わたしたち夫婦は必要最低限のやりとりしかしない。
それなのになにやら長文だ。

何事かと読み進めていくと、そこにはマンションのエレベーターで、女子高生と一緒になったことが書かれてあった。

夫が先に乗っていて、途中で女子高生が乗ってきた。ふと女子高生の足元に目をやると、靴下のアキレス腱あたりの位置に、大きな穴が開いていた。ちょうど見える位置だった。あとちょっとズレていれば、靴で隠れて見えないが、穴からは女子高生の皮膚がまごうことなく見えている。これじゃ、誰かに指摘されたら可哀想だ。教えてやるべきか。

夫は迷った。

言うまいか、言わざるべきか。

考えあぐねた末、言わなかった。
その決断は正解だったか?という内容だった。

わたしは自分が高校生のときを思い出し、LINEを返す。

「いくら同じマンションだからって、知らないおっさんから、しかも背後から、あなたの靴下、穴開いてますよ。なんて言われたら、は?あんた誰?きもちわるっ!って思われる。正解!」と返した。(正解かはわからないが)。

すると「よかった」とだけ返ってきた。

でも念のため考えてみた。
仮に彼女が学校で、好きな子に穴を発見されたとする。それで例えば、彼女の好きな子が穴を見てどん引きしてしまったらどうか。

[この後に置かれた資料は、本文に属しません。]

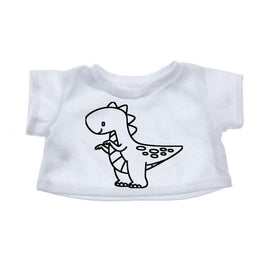 A white t-shirt with a simple black line drawing of a dinosaur on it.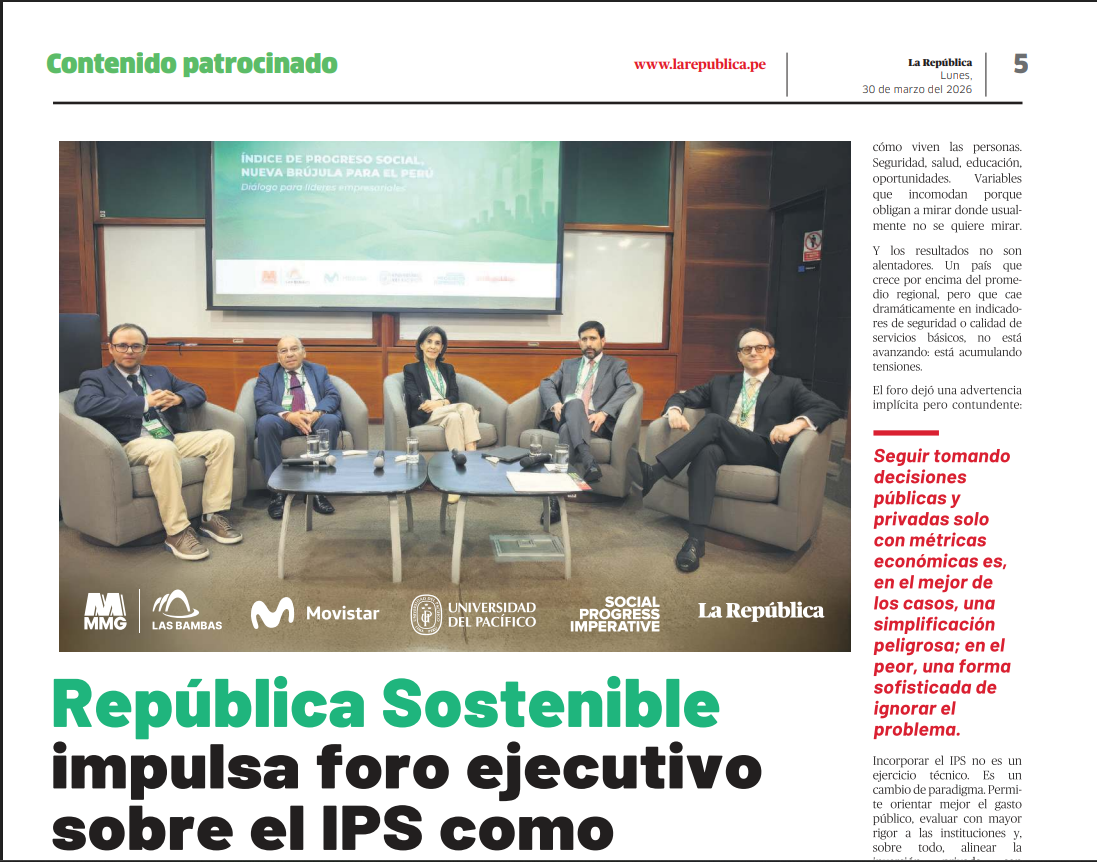 República Sostenible impulsa foro ejecutivo sobre el IPS como nueva brújula del Perú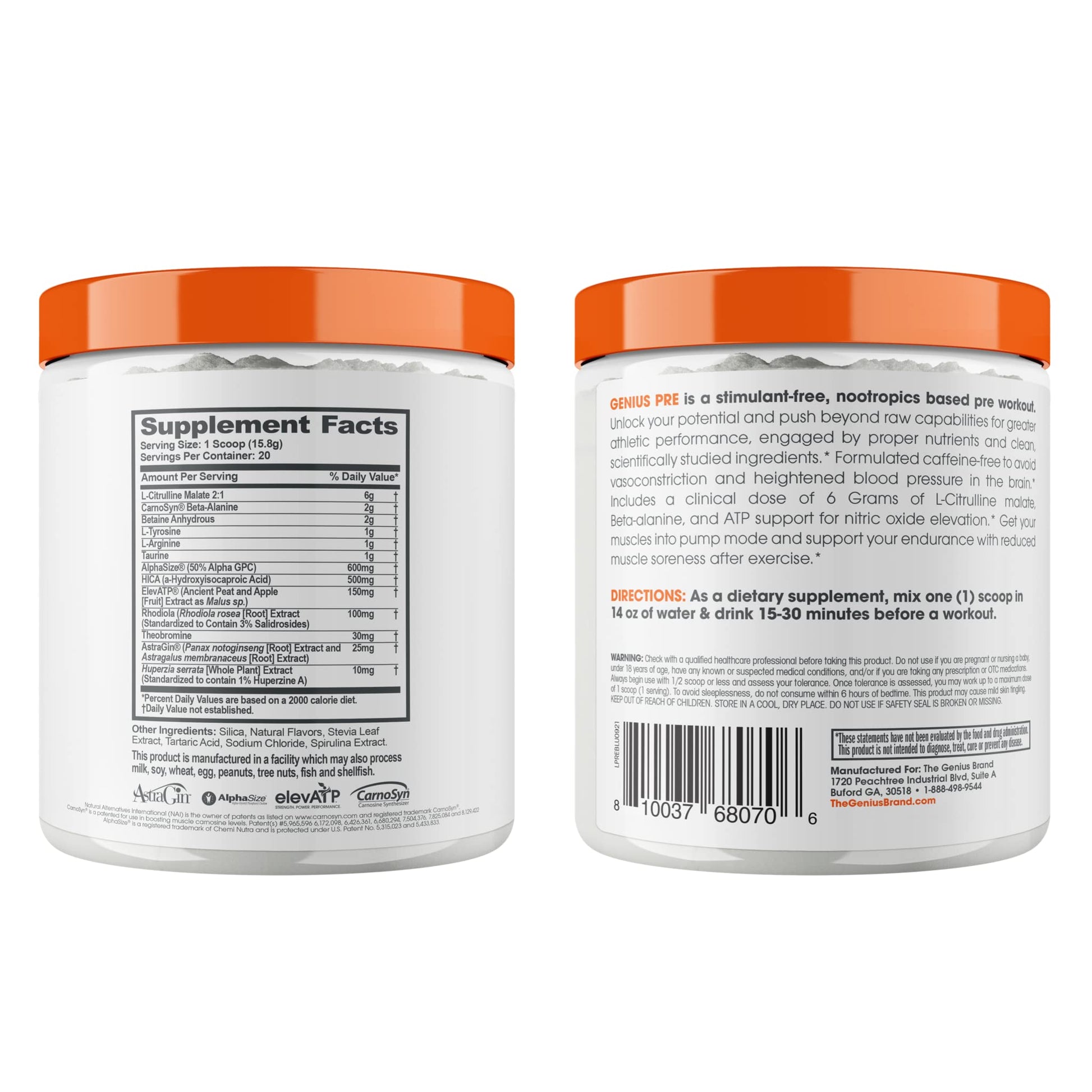 Genius Pre Workout Powder, Blue Raspberry - All-Natural Nootropic Pre-workout & Caffeine The Genius Brand uk supplements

仮にわたしが夫の立場だったとして、例えば男子高校生のズボンのチャックが全開だったとする。その日たまたま男の子は、だっさいパンツを履いていた。だっさいパンツが見えたまま学校へ行き、これまた好きな子に見つかって、どん引きされたらどうだろう。

多感な年頃ゆえ、とうの昔に過ぎ去った頭では想像に及ばないことが起こりそうだ。

さあ、それを見つけたわたしは、はたして教えるだろうか。

「あ、あの、パンツ見えてますよ」

いや、完全にアウトな気がする。

結局考えてみても、答えは出なかった。
相手がどういうタイプかにもよる。
「言えば良かった」と思うことより「言わなきゃ良かった」と思うことのほうが、ダメージが大きいかもしれない。

そういうことって日常のなかにゴロゴロ転がっていて、こちらの緩んだ隙をついてくるような気がする。たいてい気づくのは、ことが起きてしまった後だ。